Then last week was a ramble about being respected vis-a-vis being liked. Basically, the less a kid likes an adult, the more right that means the adult is, so the goal is a kid who cooperates without question, while not speaking to you for weeks at a time. You can’t respect someone you like, and you can’t like someone you respect.

And the latest one, about a kid who’s not loving his preschool, the second one he’s been in for whatever reason. Letter ends with the $64,000 question: “Did I make a mistake?” Balderdash! In Rosemondland, parents never make mistakes. They make decisions their kids don’t like, but they’re always the right decision because they’re parents.

Unfortunately, today’s all-too-typical mother tends toward feeling that if her child has a negative reaction to a decision she has made, the decision was probably wrong and may well cause psychological problems. This is tantamount to believing that a child’s emotional reactions are accurate barometers of parental decisions…In this case, your son may know that he is anxious, but he does not know that the solution to his anxiety is for him to simply get out of the car and walk inside.

So how about leading him to that solution? IANAP, but the first thing that comes to mind is to ask him, “So what happens when you get inside?” Maybe a bigger kid is in the habit of tackling him the minute he gets in the door. Maybe a lot of things, but it is not a waste of time to try to find out what’s bothering him, and to find a way to make it work. Rosey never got over his mom (grandma, stepdad) telling him he was “too needy”.

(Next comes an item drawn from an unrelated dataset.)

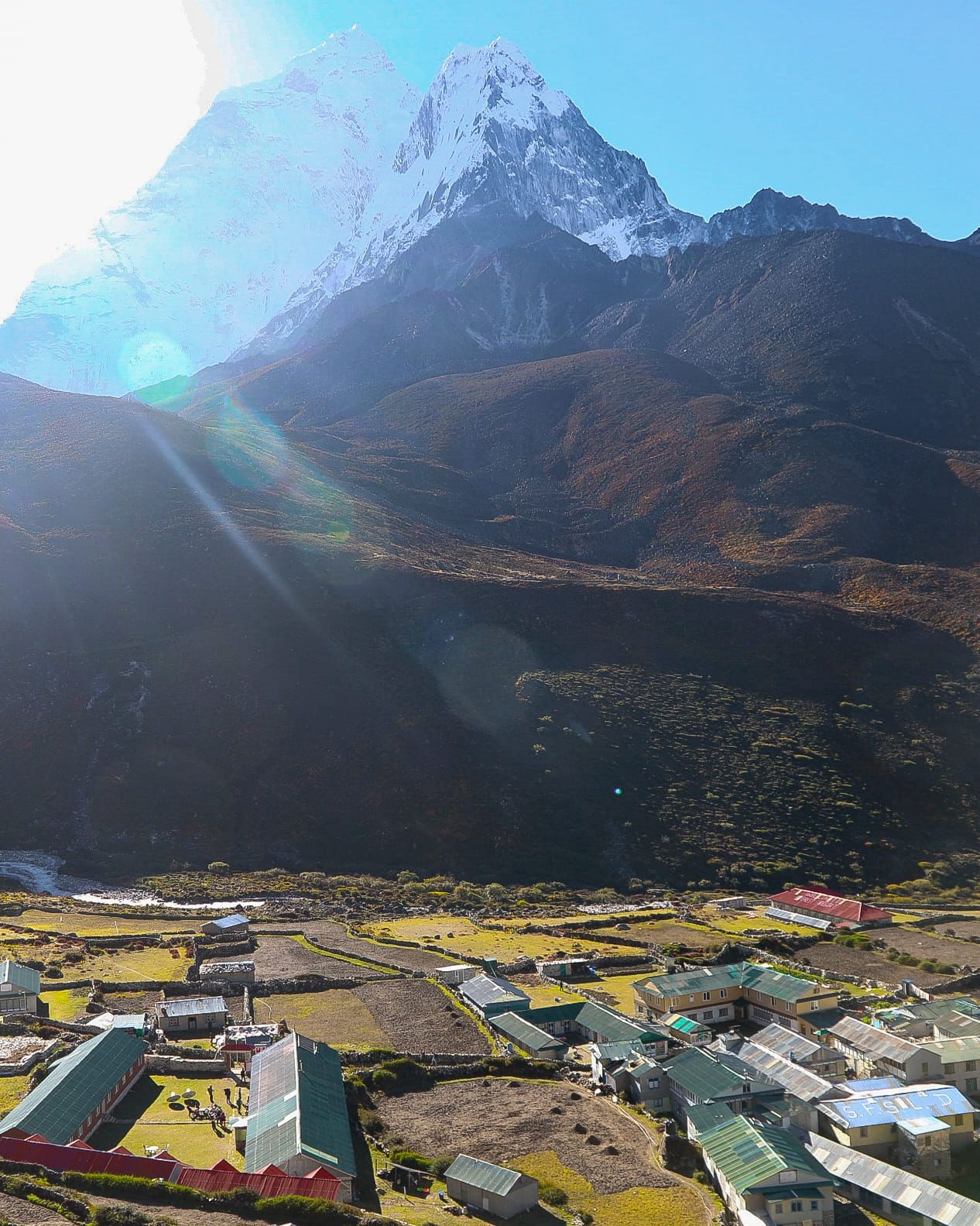 Nepal trekking, Everest view trek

Of course he recommends the usual: doctor says early bedtime until the behavior changes. Conditioning, not communicating. I think it’s not going too far to say that this line of thinking means that asking a child which high school he wants to attend is as absurd as my asking my car if it wants to go to Centerville or not. Children are investment tools. They don’t get a say in what happens to them.

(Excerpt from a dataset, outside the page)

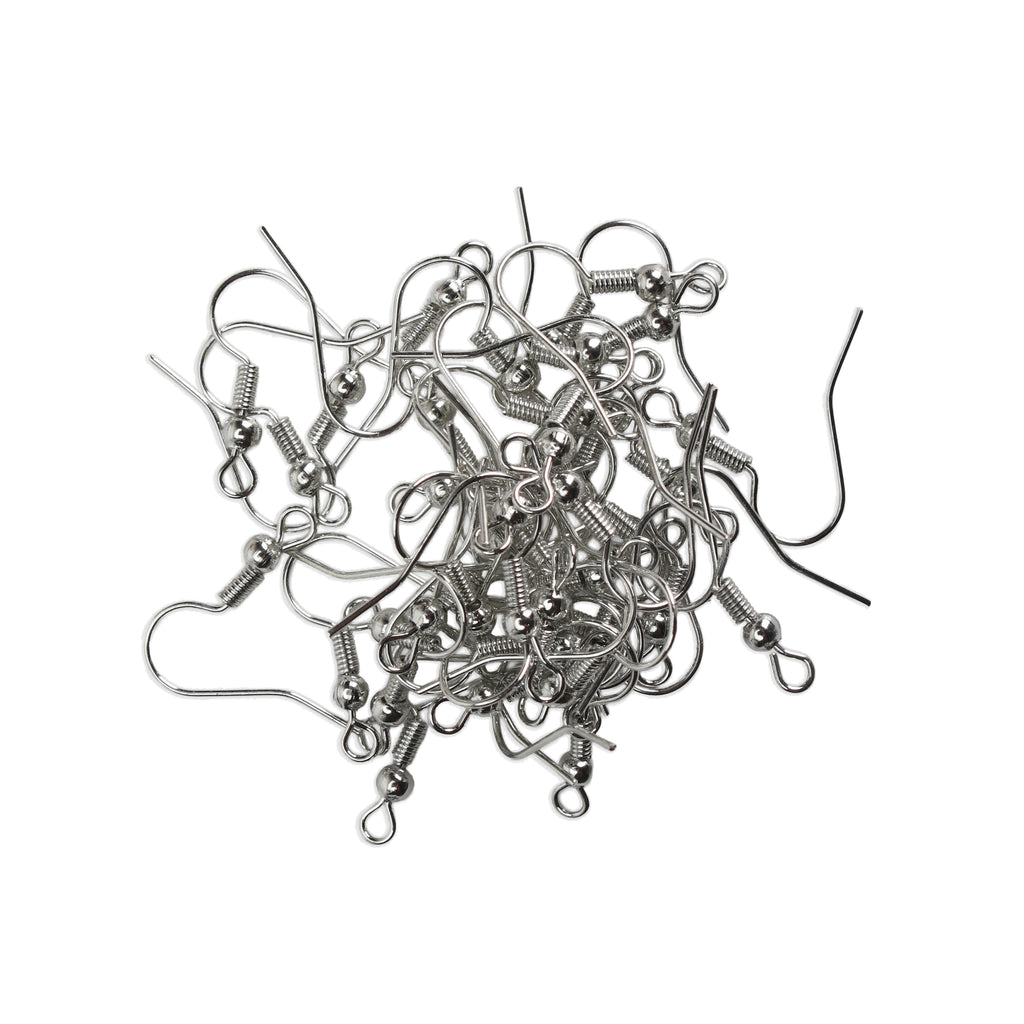 Jewellery Findings Earwire Hooks Nickel 8gm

I believe this man is a sociopath, but I think it’s a backlash against permissive parenting, which fucks kids up just as badly. There’s a really good Atlantic article about the rise of anxiety disorders in young people and how parents enable it. Sr. Weasel treats kids with OCD and unfortunately there’s a tendency to allow the child’s anxiety to dictate what happens, which reinforces the anxiety and leaves the kid unable to face basic conditions of reality. In one egregious example from the article, the parents bought a new home so that their anxious child’s bedroom would be closer to the parent’s room. What Rosey fails to understand is that kids need to be validated no matter what they are feeling. Accepting their feelings as valid doesn’t mean they dictate what happens. We don’t have to choose between “treat your child like property” and " indulge their every whim." But this man basically only exists to make shitty parents feel better about their shitty parenting.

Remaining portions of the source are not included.